Kassel: Nun wird im Moment – das ist ja auch einer der Gründe, warum auch diese, wie Sie gerade beschrieben haben, uralten Regelungen so viel diskutiert werden zurzeit –, nun wird im Moment in Deutschland viel über Integration, über vielleicht nicht immer ganz gelungene Integration gesprochen. Ist es denn mal jenseits alles Juristischen unter diesem Gesichtspunkt eigentlich sinnvoll, in Deutschland lebenden Muslimen zu sagen: Wir verlangen von dir einerseits, dass du endlich komplett ankommst und ein Mensch des westlichen Abendlandes bist, andererseits, juristisch gesehen können wir dich auch mal anders behandeln?

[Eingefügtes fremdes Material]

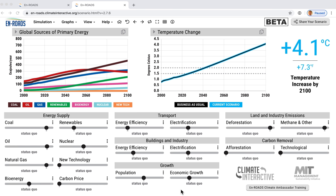Hi, this is Andrew Jones from Climate Interactive, and I'm here to share the top four coolest aspects and features in the March 2020 release of En-ROADS.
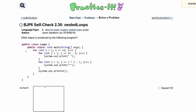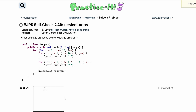The final output has 9 spaces then 1 star on line 1, then 8 spaces and 3 stars, then 7 spaces and 5 stars, then 6 spaces and 7 stars, and we keep going — decreasing spaces and increasing stars — until we complete this pyramid pattern.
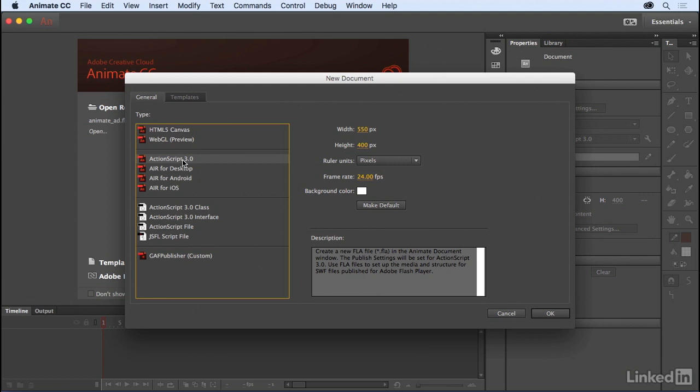One of the benefits of designing your assets inside an ActionScript 3 based document is that when you preview and test, this will occur directly within Animate.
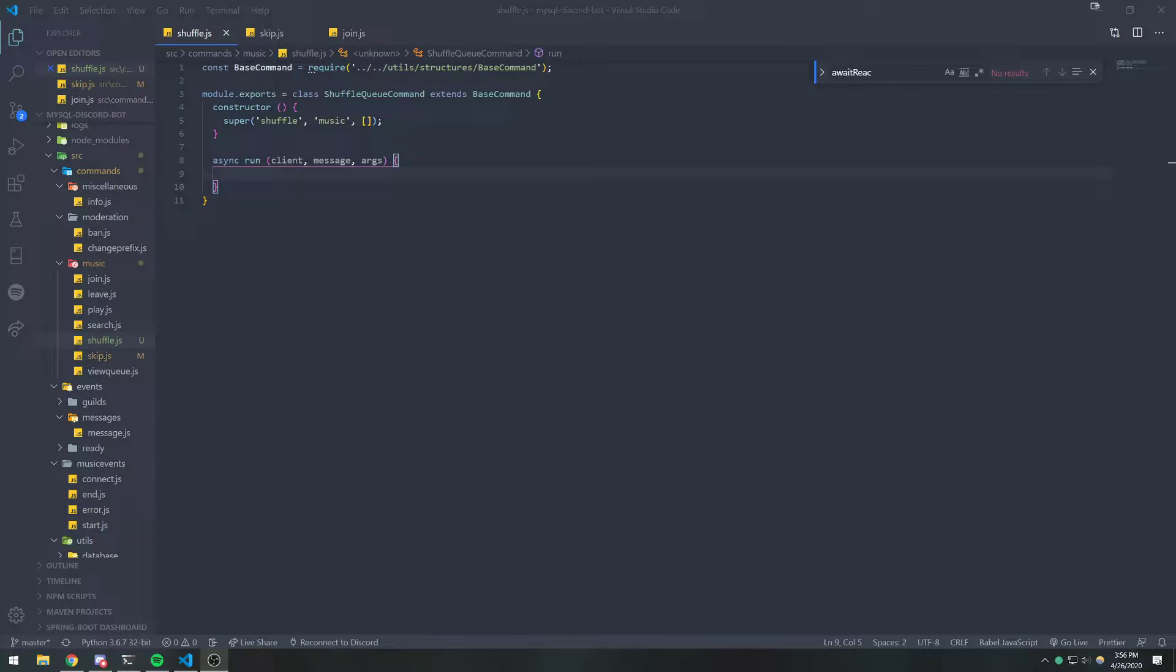Alright guys, so I'm going to show you how to implement a very simple shuffle command. Just make sure you've already implemented the search.js, the search command as well as the view command because we are going to be using those to test our shuffle command.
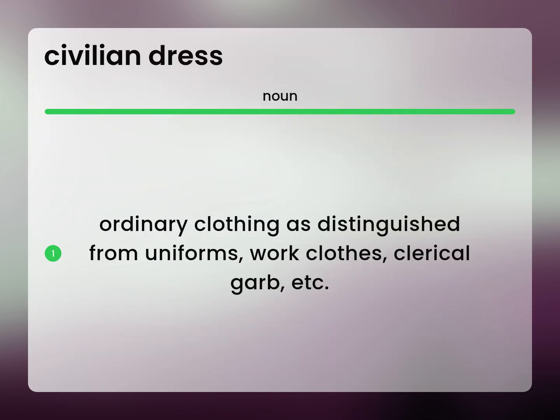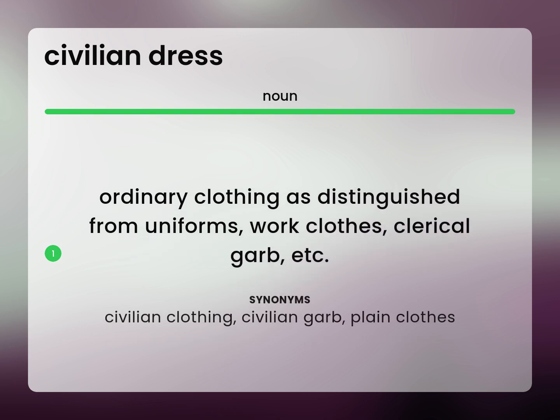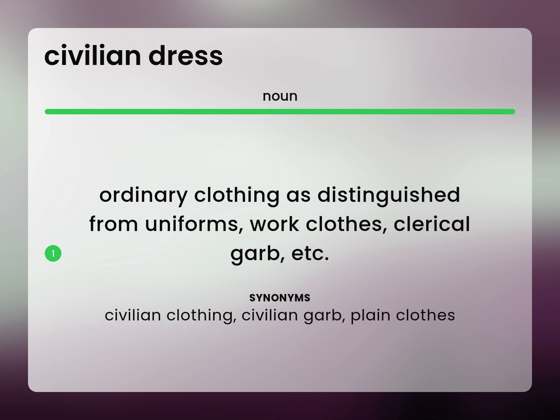Ordinary clothing as distinguished from uniforms, work clothes, clerical garb, etc. Civilian clothing, civilian garb, plain clothes.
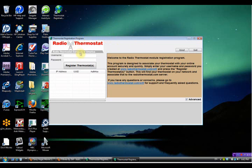It brings up a new screen and the username is simply your email address that you put in earlier. And remember when we started this we entered a password - I told you to write that down - so we enter that. Then we go ahead and hit 'Register Thermostat'.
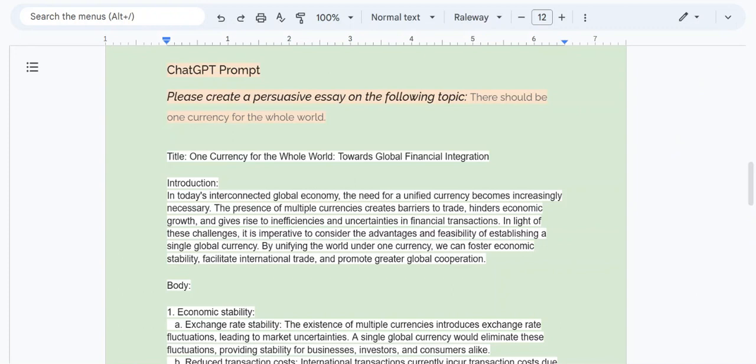Hi, Wright Riders. Cruz here. Thank you so much for joining me. In this video, we are going to be looking at ChatGPT's response to the following prompt.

Rohe: In der Tat ist da eine gewisse Diskrepanz zu sehen, wobei man auch sagen muss: Muslime, die deutsche Staatsangehörige sind, unterliegen ohnehin von vornherein nur dem deutschen Recht. Aber es ist schon wahr: Wir haben im Recht noch nicht wahrgenommen, dass wir ein Einwanderungsland geworden sind, und dass wir das sind, glaube ich, sollte eigentlich unstreitig sein. Alles andere ist Realitätsverweigerung. Und wir sollten deswegen auch unser Recht in diesem Punkt auf den Standard von Einwanderungsländern umstellen. Typische Einwanderungsländer knüpfen diese Dinge an eine Form des verfestigten gewöhnlichen Aufenthalts, das heißt: Wer auf Dauer hier ist, der wird eben nur nach dem hier geltenden Sachrecht beurteilt, und nur in den echten internationalen Fällen, wo die Leute mal kürzer hier sind, dann wieder in ein anderes Land gehen, wenden wir fremde Rechtsvorschriften an.

Das wäre eigentlich die gute Lösung, dann könnten wir unsere Gerichte entlasten, unsere Verwaltungen entlasten, die heute noch massenhaft und ohne tiefere Gründe fremdes Recht anwenden müssen. Manchmal rechnen die Leute überhaupt nicht damit, dass sie da am Recht ihrer Staatsangehörigkeit festgehalten werden, aber das wäre die Aufgabe des Gesetzgebers, von dieser Staatsangehörigkeitsorientierung auf eine Orientierung in Richtung Aufenthaltsland umzuschwenken.

Kassel: Sagt Professor Mathias Rohe von der Universität Nürnberg-Erlangen, Jurist und Islamwissenschaftler. Herr Rohe, ich danke Ihnen für das Gespräch!

Rohe: Danke Ihnen für Ihr Interesse, Herr Kassel!